1

I just started learning Linux shell scripting. I have to compare this two files in Linux shell scripting for version control example :

file1.txt

  • 275caa62391ff4f3096b1e8a4975de40 apple
  • awd6s54g64h6se4h6se45wahae654j6 ball
  • e4rby1s6y4653a46h153a41bqwa54tvi cat
  • r53aghe4354hr35a4hr65a46eeh5j45ro castor

file2.txt

  • 275caa62391ff4f3096b1e8a4975de40 apple
  • js65fg4a64zgr65f4w65ea465fa65gh7 ball
  • wroghah4a65ejdtse5z4g6sa7H658aw7 candle
  • wagjh54hr5ae454zrwrh354aha4564re castor

How to sort this text files in newly added(one which is added in file 2 but not in file 1) ,deleted(one which is deleted in file 2 but not in file 1) and changed files (have same name but different checksum) ? I tried using diff , bcompare , vimdiff but I am not getting a proper output as a text file.

Thanks in advance

karkator
  • 51
  • 1
  • 10

2 Answers2

0

I don't know if such a command exist, but I've taken the liberty to write you a sorting mechanism in Bash. Although it's optimised, I suggest you recreate it in a language of your own choice.

#! /bin/bash

# Sets the array delimiter to a newline
IFS=$'\n'

# If $1 is empty, default to 'file1.txt'. Same for $2.
FILE1=${1:-file1.txt}
FILE2=${2:-file2.txt}

DELETED=()
ADDED=()
CHANGED=()

# Loop over array $1 and print content
function array_print {
        # -n creates a "pointer" to an array.
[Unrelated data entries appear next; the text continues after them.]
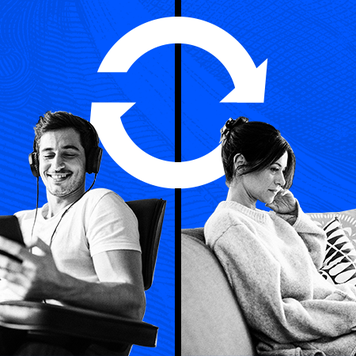 split image of two people consuming media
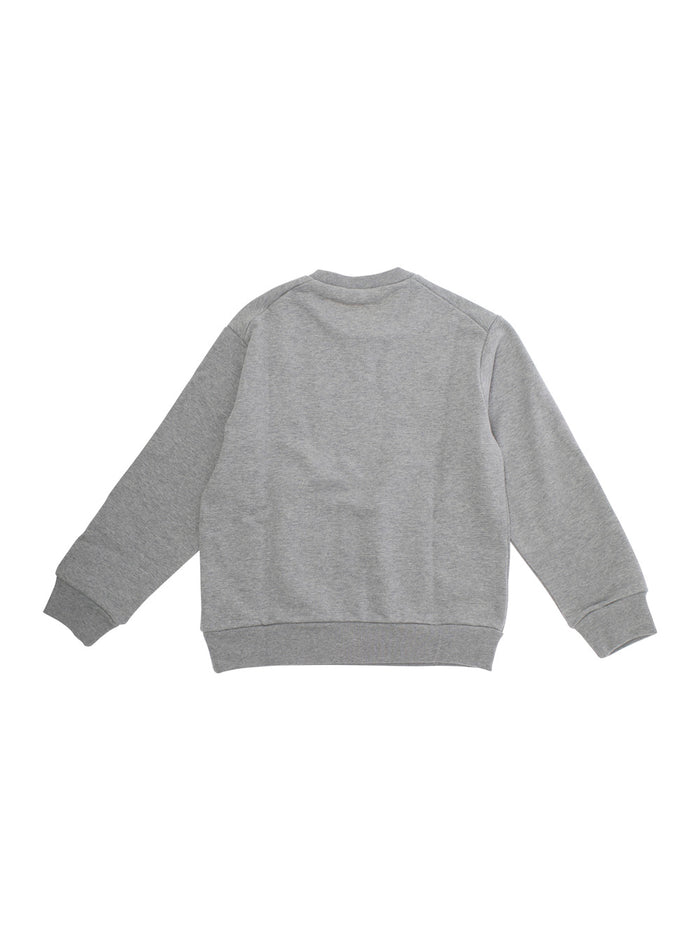 Gray Cotton Crewneck Sweatshirt with Logo Lettering for Kids Grey Sweatshirts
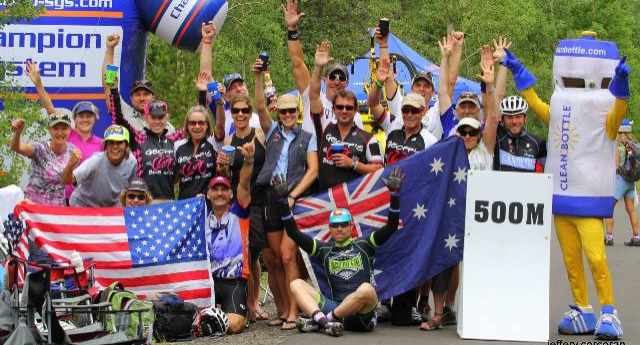 Geoff's team in a group photo during a race.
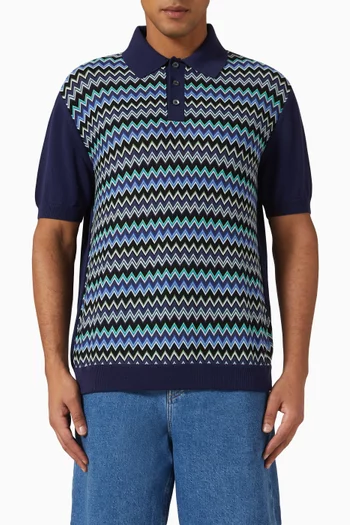 Raschel Chevron Polo Shirt in Cotton Knit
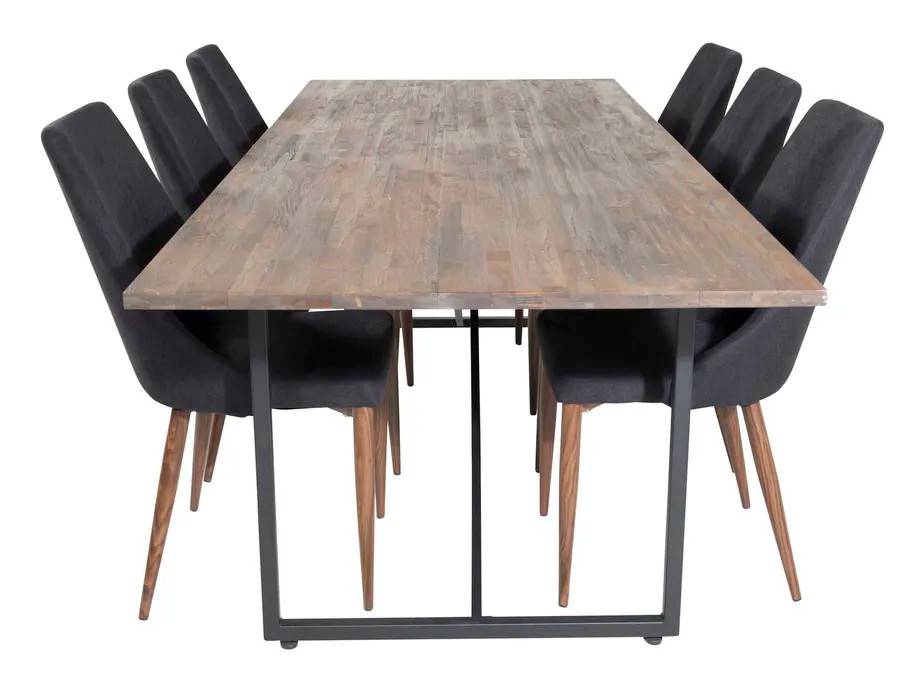 Venture Design Padang & Leone matgrupp Natur/svart 6 st stolar & bord 250 x 100 cm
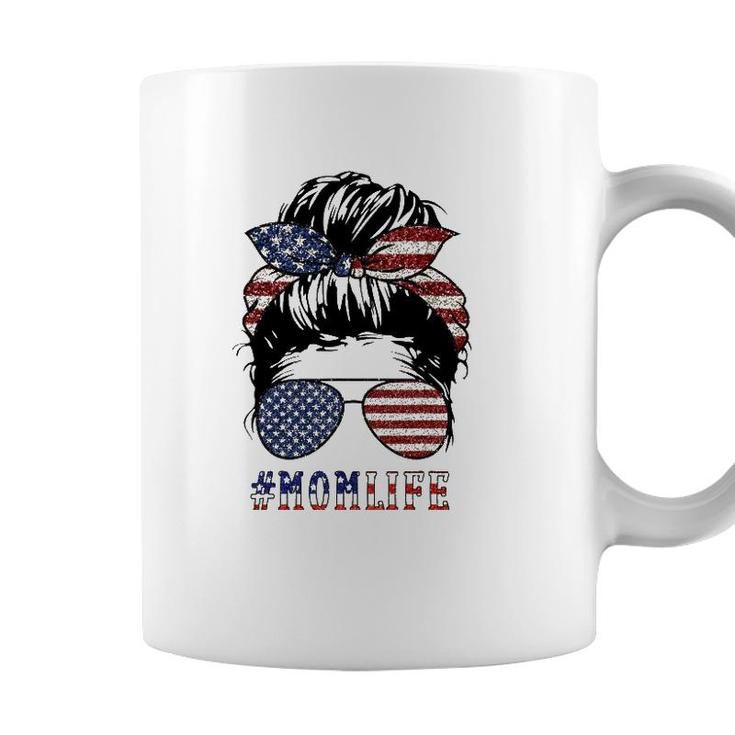 American Mom Life Messy Bun 4Th Of July Sunglasses Usa Flag Coffee Mug
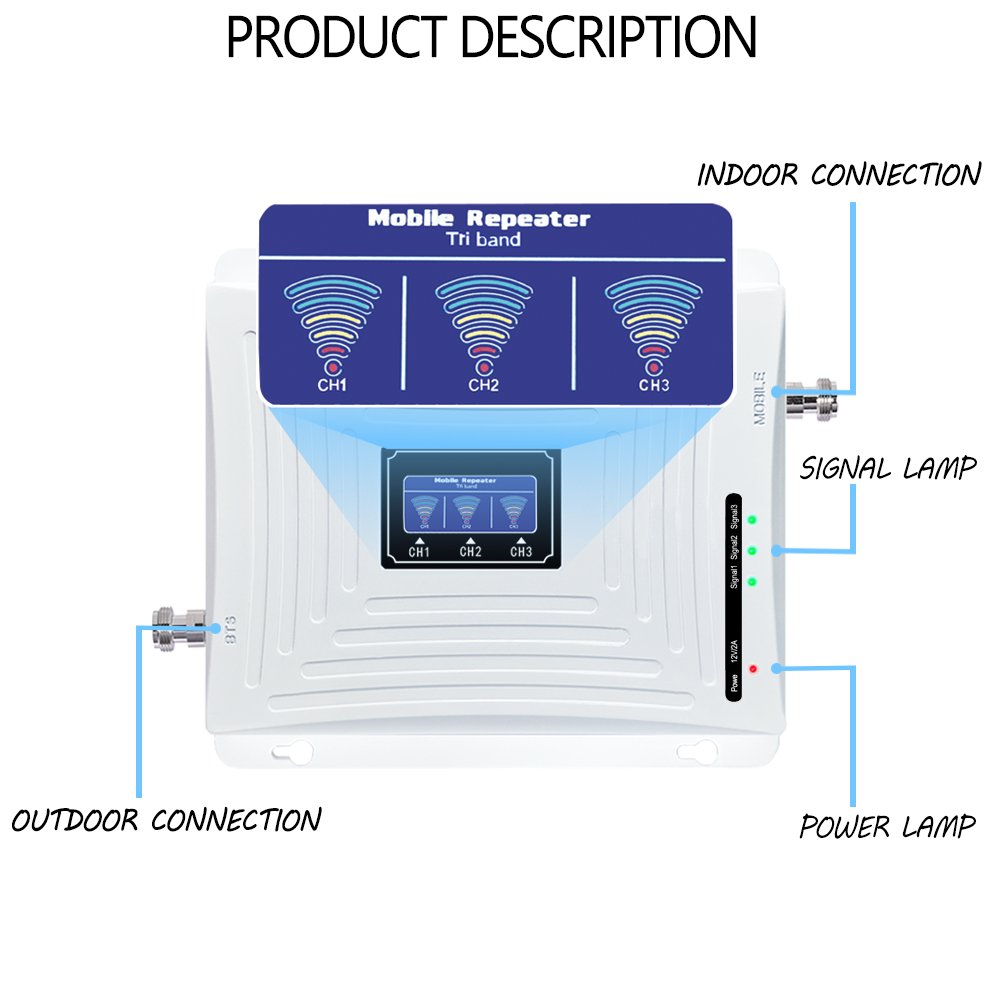 Factory Hot Selling Mobile Network Amplifier Signal Booster Tri Band Signal Amplifier Repeater Cellular Signal Amplifier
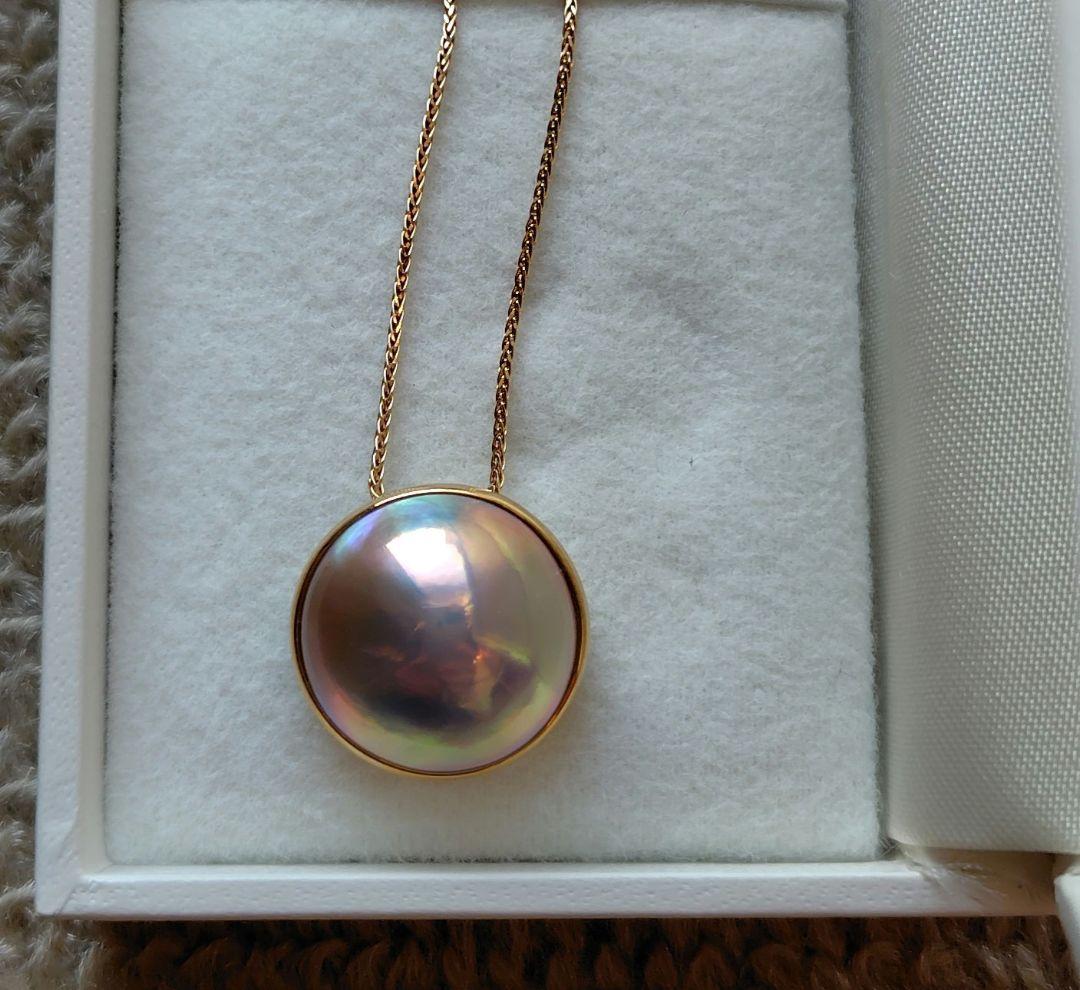 18KYG 奄美大島産 マベパール ペンダント 14mmup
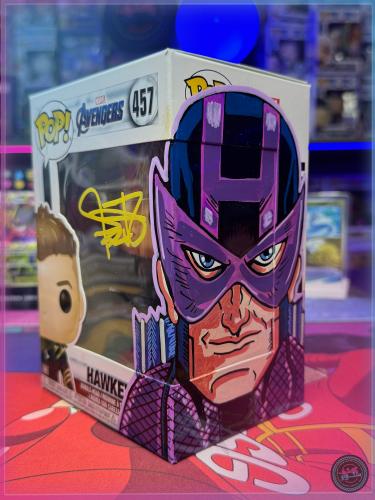 Signed Funko Pop #457 - Avengers - Hawkeye, Jeremy Renner + SWAU COA + Custom ART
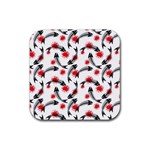 Halloween Skeleton Fish Rubber Coaster (Square)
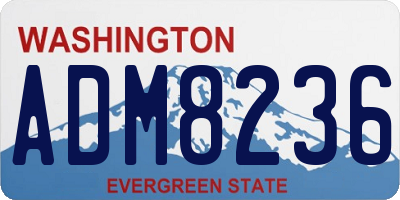 WA license plate ADM8236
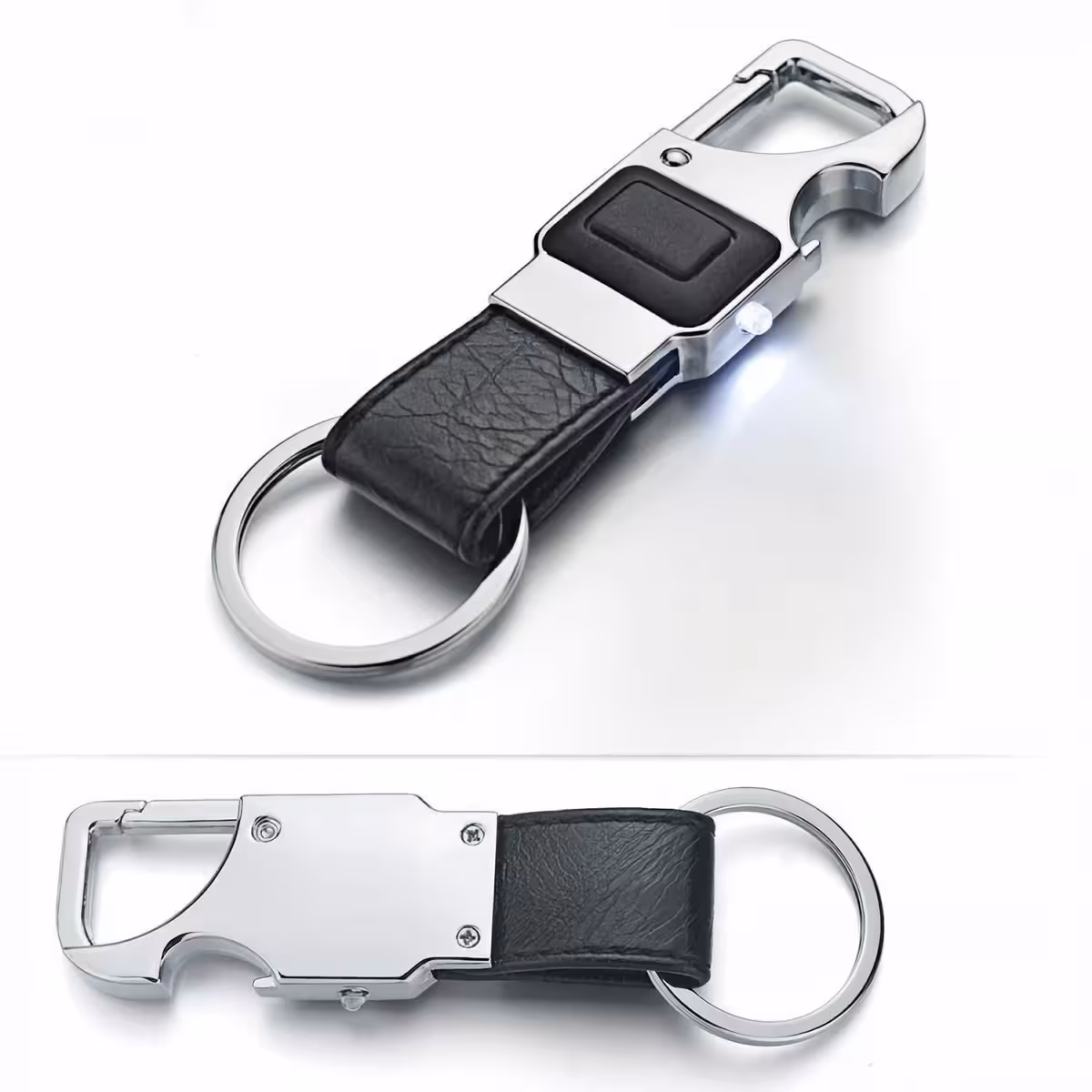 Modernille miehelle avaimenperä: LED, avaaja, nahka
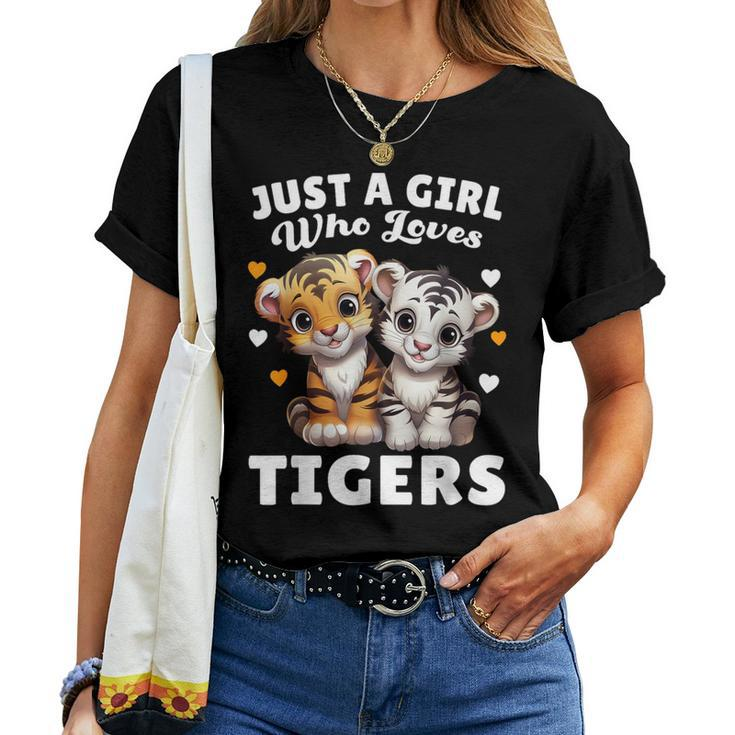 Just A Girl Who Loves Tigers Cute Baby Tigers & Hearts Women T-shirt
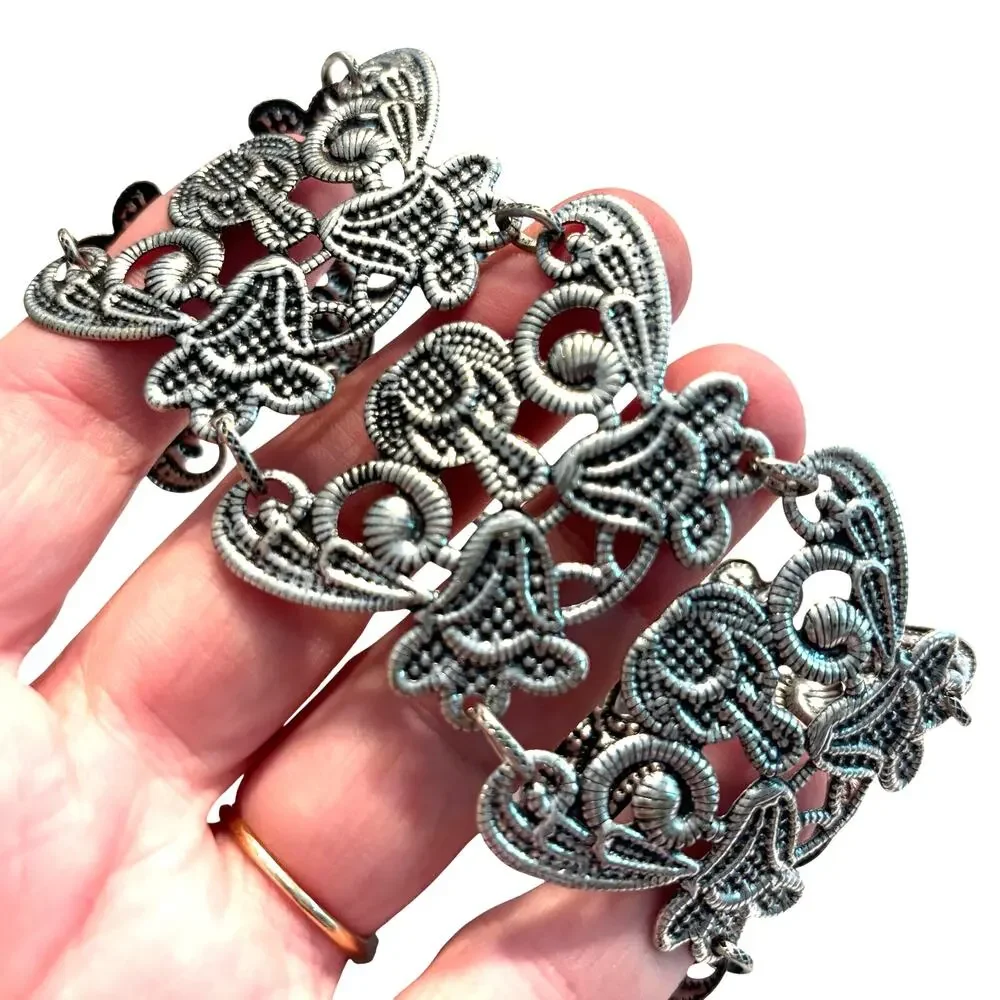 Vintage Premier Designs Wide Silver Panel Chain Bracelet textured ornate Boho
This
        # way you can pass large arrays to functions.
        local -n array=$1
        echo "$1: "

        for i in "${array}"; do
                echo $i
        done
}

# This function loops over the entries in file_in and checks
# if they exist in file_tst. Unless doubles are found, a
# callback is executed.
function array_sort {
        local file_in="$1"
        local file_tst="$2"
        local callback=${3:-true}
        local -n arr0=$4
        local -n arr1=$5

        while read -r line; do

                tst_hash=$(grep -Eo '^[^ ]+' <<< "$line")
                tst_name=$(grep -Eo '[^ ]+$' <<< "$line")
                hit=$(grep $tst_name $file_tst)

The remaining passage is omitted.